It is a pleasure to speak in the debate. I join in the congratulations to my hon. Friend the Member for Nuneaton (Mr Jones) on securing it. We have spent much of the past year working together on beer, as we both took part in the all-party beer group’s inquiry into the smuggling of beer to try to get round the UK duty rules. That issue has not yet
been raised much in this debate. One reason why we do not get the increase in revenue that we would expect from the beer duty escalator is the increasing amounts of beer that are brought over in what we could euphemistically call white vans. I suspect that they are actually large trucks, sneaking through our border, so that the beer can be sold round the backs of industrial estates.
It was quite scary, when we took evidence from Her Majesty’s Revenue and Customs, to hear exactly what the scale of the fraud was.

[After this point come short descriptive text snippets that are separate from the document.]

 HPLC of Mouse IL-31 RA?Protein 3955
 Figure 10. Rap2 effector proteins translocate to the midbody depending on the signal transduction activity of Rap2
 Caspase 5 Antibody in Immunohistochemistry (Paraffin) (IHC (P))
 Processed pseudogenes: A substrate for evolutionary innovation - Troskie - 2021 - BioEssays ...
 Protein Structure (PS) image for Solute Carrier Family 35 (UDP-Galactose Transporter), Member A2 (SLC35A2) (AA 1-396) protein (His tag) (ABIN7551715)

It was something like the equivalent of all off-sales sold outside supermarkets in the UK, which is a seriously large volume. I am not saying that every small shop selling beer is selling non-duty-paid beer; that was just to show the scale of the problem that we have. We have to consider whether, all other things being equal, a policy that just generates extra rewards for people smuggling and avoiding beer duty is sensible when we are trying to encourage the legal trade.

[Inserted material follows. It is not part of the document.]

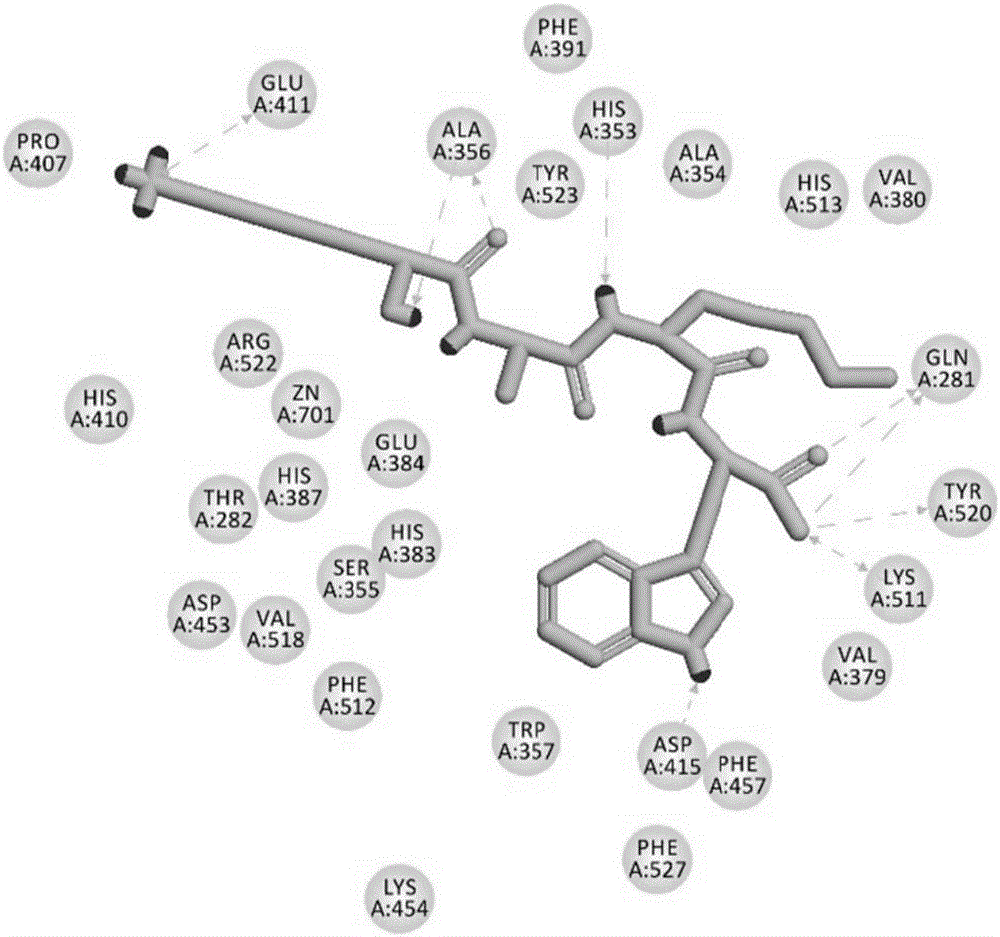 Antihypertensive peptides and antihypertensive proteins and applications thereof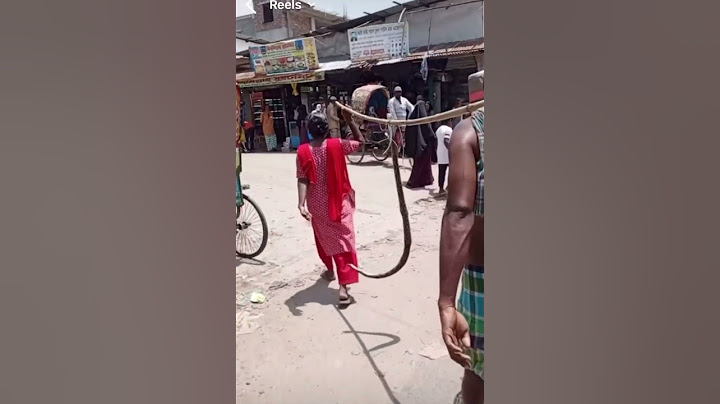 মহিলাটি কিভাবে রাসেল ভাইপার সাপটিকে ধরে নিয়ে যাচ্ছে দেখুএন #fun #raselviper #viralvideo #fbreels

I agree with what everyone else has said. I think that everyone has used the useful statistics that we have for the debate. The idea of increasing beer duty by more than inflation every year was probably wrong when it was introduced four or five years ago. In fact, various members of my party and the Liberal Democrats said at the time that it was wrong. It is a pity that taking on the chains of office means that we change our mind on some of these things.
It was intriguing to see that the present Secretary of State for Health was not happy with the policy when he was in a shadow role five years ago. I hope that that is something that my right hon. Friend has taken with him into the Department of Health and that we can see a reduction in the rather scatter-gun and unfair efforts to stop ordinary, reasonable people having an ordinary small amount of drink every week. It is right that we tackle excessive drinking, but we should not be trying to tackle the ordinary drinker and push the cost up for them.

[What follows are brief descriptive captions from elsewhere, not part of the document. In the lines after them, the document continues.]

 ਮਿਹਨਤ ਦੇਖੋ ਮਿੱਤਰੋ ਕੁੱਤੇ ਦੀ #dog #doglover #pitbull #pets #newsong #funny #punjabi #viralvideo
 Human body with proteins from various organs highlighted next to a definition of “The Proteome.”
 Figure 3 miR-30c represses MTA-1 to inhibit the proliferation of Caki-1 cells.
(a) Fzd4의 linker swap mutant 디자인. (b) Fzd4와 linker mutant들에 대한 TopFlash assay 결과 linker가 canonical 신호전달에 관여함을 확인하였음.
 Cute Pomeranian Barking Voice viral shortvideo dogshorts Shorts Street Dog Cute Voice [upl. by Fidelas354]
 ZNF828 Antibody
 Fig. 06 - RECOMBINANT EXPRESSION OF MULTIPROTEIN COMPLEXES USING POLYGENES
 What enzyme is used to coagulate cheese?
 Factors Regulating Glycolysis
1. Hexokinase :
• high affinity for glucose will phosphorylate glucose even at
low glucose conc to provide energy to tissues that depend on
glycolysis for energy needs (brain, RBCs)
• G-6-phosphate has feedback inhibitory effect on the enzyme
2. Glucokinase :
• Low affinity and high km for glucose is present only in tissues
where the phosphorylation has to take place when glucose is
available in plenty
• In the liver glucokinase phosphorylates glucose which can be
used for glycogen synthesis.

If we are trying to tackle excessive alcohol consumption, which we clearly should, it is important to point out that the beer duty escalator targets people who drink, in pubs, pints of British-brewed beer. I suspect that that is not the biggest health problem caused by alcohol that this country has. We should be encouraging people to drink a nice, relatively weak pint of beer, rather than sitting at home drinking a litre of spirits or whatever. That is the direction of travel we should be looking at—encouraging the supervised drinking of British-brewed products in pubs and discouraging the drinking of imported cheap spirits.
I am not convinced by the arguments for the health benefits of this policy and I am probably even less convinced of its economic advantages. The forecast in the Red Book last year showed that the expected increases in this Budget would not actually raise any more money. I accept, and I will happily make the argument, that we are pretty desperate for revenue to reduce our deficit, but it seems bizarre that a policy would be introduced that raises no money and actually does damage to a pretty important industry that is a significant employer throughout the country. While I am on that issue, I should join the list of hon. Members praising their
small local breweries. I can think of a fair few—Amber Ales, Leadmill, Bottle Brook, Coppice Side and Marlpool. I have to say that I think I have drunk quite a lot of all their beer. I made a special effort to have a barrel of beer from the Marlpool brewery at my engagement party a few weeks ago, which went down very well, so I am happy to say that I will do my bit to support my local brewery trade.
We can see that the number of these breweries is growing every year. Every time we drive round an industrial estate, we find that a new brewery has sneaked up round the corner. We should be supporting this trade. We should be supporting our pubs. They generate employment and they provide a community facility that we value. Therefore, I do not believe that the original case for increasing beer duty by more than inflation holds water any more. We should at the very least be stopping that above-inflation increase. I can see the argument that all other costs go up by inflation, so why should not the duty element? I cannot see the argument for putting it up by RPI plus 2%.
I would happily agree with all the other hon. Members who would say that beer duty is too high now and it is doing great damage. We have had a 42% increase in beer duty in the past four years. We have had enough. Let us try to support people and freeze it. If the Government cannot quite go that far, let us at least announce in two weeks’ time that we are scrapping the escalator and we will have to deal only with inflationary rises each year. That would at least be a fair situation from which to go forward.